In the TBIPS Gender course there is much coming to terms with gender fluidity and being comfortable with the unfamiliar. Euripides Gravas noted that identification denied leads to envy. Jennifer Schafer mused about the possible multiple configurations of genders available as parental figures. Stamatina Kaidantzi explained that it is not the sex or gender identification of the non-caregiver parent but it is the otherness, the separateness from the caregiver, with all the comings and goings from home, that propels the preoedipal child’s wish --akin to the ‘love affair with the world' -- to identify with that other parent. Even in the absence of a second parent, that otherness exists. In addition to the caregiver/mother’s ability to ‘survive’ -- which, according to Winnicott, places her outside the fantasized omnipotent control of the infant and makes her external and a subject in her own right, and thus worthy also of identification -- the father may well be a solidifying identification for the child’s agency and desire, that is, for her subjectivity. Little girls do not feel inferior and certainly not because they are different from father; they just want to be different from mother while still retaining likeness.

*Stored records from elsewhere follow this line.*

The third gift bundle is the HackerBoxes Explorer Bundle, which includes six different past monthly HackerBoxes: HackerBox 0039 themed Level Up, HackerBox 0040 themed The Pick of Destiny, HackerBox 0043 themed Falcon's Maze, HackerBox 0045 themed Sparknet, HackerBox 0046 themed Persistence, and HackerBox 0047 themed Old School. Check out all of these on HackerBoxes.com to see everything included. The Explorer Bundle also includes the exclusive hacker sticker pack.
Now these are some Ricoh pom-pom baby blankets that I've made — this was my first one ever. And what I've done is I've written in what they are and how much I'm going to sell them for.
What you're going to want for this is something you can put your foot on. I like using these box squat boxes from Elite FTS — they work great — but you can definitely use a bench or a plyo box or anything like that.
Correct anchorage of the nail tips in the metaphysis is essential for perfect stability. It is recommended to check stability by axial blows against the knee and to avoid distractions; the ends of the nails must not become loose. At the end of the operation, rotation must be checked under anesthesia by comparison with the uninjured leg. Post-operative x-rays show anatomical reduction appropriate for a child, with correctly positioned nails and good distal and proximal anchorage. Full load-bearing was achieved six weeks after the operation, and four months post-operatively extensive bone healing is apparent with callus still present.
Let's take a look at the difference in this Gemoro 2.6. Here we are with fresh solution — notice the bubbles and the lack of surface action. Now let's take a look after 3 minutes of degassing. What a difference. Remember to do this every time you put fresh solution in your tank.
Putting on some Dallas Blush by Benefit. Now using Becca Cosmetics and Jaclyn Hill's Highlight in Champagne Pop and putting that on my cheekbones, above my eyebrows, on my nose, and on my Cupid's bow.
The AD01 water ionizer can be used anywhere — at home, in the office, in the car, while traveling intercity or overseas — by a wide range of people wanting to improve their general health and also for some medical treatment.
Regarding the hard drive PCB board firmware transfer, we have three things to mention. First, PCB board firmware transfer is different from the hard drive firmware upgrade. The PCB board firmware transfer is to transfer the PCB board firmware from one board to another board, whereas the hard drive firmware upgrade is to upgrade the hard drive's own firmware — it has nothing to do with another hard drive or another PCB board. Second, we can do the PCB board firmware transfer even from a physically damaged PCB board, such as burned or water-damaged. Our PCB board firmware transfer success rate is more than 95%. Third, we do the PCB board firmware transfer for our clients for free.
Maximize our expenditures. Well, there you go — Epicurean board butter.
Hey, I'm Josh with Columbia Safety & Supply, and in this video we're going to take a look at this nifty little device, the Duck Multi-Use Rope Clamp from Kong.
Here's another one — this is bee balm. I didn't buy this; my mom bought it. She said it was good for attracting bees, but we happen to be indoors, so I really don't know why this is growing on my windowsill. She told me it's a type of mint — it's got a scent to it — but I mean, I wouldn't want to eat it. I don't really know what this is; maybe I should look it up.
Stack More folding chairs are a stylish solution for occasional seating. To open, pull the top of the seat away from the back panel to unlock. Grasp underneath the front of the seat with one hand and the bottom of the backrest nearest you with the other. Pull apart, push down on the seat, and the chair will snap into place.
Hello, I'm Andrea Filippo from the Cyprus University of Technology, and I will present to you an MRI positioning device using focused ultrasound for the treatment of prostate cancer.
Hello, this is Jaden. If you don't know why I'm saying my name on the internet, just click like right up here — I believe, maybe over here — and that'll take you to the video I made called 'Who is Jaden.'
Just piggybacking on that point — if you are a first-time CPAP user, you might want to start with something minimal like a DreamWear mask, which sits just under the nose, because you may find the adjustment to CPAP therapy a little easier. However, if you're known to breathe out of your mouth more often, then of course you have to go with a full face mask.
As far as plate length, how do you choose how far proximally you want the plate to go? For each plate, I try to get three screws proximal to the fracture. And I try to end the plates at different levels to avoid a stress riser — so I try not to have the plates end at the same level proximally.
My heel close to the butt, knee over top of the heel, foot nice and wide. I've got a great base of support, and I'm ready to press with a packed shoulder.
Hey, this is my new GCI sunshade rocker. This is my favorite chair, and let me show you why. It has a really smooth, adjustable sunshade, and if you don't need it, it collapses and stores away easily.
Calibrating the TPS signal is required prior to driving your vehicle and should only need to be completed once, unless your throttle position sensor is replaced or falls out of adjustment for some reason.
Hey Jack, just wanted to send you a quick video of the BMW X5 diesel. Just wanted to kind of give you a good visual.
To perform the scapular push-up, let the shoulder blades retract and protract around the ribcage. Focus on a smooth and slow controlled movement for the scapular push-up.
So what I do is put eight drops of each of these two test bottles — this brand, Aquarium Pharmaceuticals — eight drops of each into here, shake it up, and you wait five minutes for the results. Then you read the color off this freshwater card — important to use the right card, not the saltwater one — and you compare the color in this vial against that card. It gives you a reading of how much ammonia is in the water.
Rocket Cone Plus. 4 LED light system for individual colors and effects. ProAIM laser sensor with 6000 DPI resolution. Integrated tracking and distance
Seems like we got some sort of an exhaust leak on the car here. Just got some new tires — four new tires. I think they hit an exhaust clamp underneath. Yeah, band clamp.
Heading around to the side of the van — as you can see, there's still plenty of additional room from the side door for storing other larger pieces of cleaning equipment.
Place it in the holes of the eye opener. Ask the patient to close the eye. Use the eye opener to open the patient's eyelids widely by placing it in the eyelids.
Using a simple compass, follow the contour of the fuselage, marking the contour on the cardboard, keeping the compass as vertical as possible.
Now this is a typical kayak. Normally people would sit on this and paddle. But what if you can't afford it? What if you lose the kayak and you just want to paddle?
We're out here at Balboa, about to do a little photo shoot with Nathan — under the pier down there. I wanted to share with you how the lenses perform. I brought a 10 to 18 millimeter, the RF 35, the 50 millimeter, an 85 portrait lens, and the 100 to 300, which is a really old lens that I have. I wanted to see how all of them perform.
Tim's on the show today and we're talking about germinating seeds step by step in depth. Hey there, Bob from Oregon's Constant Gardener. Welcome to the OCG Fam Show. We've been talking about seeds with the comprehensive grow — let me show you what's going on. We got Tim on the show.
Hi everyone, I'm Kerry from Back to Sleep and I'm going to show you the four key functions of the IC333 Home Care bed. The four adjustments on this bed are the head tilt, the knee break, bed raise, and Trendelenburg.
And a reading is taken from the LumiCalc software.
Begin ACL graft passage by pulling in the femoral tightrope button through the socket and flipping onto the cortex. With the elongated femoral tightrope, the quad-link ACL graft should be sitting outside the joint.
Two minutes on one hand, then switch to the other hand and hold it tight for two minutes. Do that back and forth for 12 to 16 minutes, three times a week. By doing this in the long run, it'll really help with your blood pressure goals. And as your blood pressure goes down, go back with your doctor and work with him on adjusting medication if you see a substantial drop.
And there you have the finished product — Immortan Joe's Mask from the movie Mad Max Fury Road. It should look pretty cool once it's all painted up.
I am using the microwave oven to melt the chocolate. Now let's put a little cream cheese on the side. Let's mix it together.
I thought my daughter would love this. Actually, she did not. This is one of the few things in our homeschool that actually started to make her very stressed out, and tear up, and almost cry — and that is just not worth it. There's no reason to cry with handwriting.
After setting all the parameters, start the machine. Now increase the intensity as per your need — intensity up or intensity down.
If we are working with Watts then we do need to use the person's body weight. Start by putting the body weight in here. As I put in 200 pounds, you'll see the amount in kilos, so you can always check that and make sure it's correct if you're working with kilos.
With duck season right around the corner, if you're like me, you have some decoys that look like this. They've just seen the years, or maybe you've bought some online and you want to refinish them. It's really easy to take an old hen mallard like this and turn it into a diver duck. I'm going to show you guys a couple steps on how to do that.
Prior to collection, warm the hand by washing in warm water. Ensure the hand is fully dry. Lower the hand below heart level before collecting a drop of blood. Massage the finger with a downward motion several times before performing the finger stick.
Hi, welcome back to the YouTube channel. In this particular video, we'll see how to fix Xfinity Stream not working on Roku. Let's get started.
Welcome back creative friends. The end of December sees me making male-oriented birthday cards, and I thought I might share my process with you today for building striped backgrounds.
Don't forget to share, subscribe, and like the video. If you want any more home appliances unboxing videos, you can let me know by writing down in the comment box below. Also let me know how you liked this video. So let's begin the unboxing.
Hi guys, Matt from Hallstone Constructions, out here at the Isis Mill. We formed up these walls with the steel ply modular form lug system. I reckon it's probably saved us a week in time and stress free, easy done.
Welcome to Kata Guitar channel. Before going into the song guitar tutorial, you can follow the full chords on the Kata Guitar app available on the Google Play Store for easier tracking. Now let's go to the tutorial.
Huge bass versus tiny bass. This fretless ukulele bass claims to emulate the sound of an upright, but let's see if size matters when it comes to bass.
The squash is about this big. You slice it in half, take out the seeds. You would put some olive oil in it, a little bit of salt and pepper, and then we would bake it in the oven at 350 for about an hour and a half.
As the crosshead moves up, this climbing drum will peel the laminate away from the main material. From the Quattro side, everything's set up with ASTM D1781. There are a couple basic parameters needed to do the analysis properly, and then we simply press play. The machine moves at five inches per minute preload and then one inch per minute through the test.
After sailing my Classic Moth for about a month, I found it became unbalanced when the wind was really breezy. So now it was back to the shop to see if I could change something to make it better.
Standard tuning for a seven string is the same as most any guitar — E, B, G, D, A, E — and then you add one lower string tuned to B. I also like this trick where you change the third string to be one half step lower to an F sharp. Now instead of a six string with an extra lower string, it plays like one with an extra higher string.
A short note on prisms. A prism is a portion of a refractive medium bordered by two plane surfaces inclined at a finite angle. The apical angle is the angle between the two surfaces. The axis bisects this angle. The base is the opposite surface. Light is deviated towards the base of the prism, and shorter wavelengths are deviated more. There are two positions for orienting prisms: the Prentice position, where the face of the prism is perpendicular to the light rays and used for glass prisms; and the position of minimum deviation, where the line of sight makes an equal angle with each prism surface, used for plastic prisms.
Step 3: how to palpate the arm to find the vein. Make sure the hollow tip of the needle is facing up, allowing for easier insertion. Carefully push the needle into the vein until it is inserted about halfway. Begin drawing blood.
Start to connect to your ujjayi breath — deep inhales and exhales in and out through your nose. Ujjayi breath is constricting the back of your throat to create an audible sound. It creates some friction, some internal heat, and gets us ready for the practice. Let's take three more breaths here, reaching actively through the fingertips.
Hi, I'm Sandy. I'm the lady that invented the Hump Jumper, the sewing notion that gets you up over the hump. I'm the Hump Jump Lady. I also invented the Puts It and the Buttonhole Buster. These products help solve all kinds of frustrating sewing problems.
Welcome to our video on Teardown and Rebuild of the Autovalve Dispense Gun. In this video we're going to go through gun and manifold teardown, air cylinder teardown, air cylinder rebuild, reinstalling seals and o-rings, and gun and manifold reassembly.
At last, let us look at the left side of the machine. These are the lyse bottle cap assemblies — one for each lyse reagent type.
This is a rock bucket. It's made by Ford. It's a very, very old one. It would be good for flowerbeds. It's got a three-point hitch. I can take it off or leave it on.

Benjamin, J. (1991). Father and Daughter: Identification with Difference — A Contribution to Gender Heterodoxy. Psychoanal. Dial., 1(3):277-299.

Saturday, May 2, 2020

Quarantimes and the After Times

In these ‘Quarantimes’ we long for the ‘Before Times’ and anxiously wonder what the ‘After Times’ hold for us. One author, Kelly Corrigan, on the PBSNewsHour April 29, 2020 in the feature “IMHO,” said about our future: 

    Sometimes, when I feel outmatched by the thing in front of me, … I tell myself the story of what happened as if it’ s over and I nailed it. … I told myself the story of the pandemic of 2020...: At first it was awful, nothing but bad news on top of bad news. But, then, we rose up. We made soups and stews for old people, and dropped them off so they felt included and secure and nourished. We read books to children over the internet. We stepped outside at the end of the day and played music and clapped so that each of us knew we were not alone. We sent pizzas and Chinese food to E.R.s to sustain both our hospitals and our restaurants. We called old friends and told them things we’d forgotten to say. ‘I miss you;’ ‘ I still think of you;’ ‘ Remember that time?’ 
    We turned up, allof us, on our screens to keep businesses afloat and, in so doing, were exposed to the more tender elements of our colleagues’ lives. Pets and children were now, to our mutual benefit, in the frame. People figured out they didn’t need fancy equipment to exercise. We stopped flying around and jumping in cars for no reason. Everyone planted things they could eat. We played cards with our families. We had long conversations. We identified what kind of learning can be delivered on line. We discovered that teaching is the most complex, high impact profession known to man, and we started compensating our teachers fairly for their irreplaceable work.* Everyone voted after Corona virus. Kids who lived through the virus valued science above all. They became researchers and doctors, kicking off the greatest period of world positive discovery and innovation the planet has ever seen. We came, finally and forever, to appreciate the profound fact of our shared humanity and relish the full force of our love for one another. 

*[I would add that not only teachers, but other essential workers, such as food workers and suppliers, first responders and frontliners, sanitation workers and many more--most who are among the lowest paid-- will also be compensated fairly at the level they really deserve.]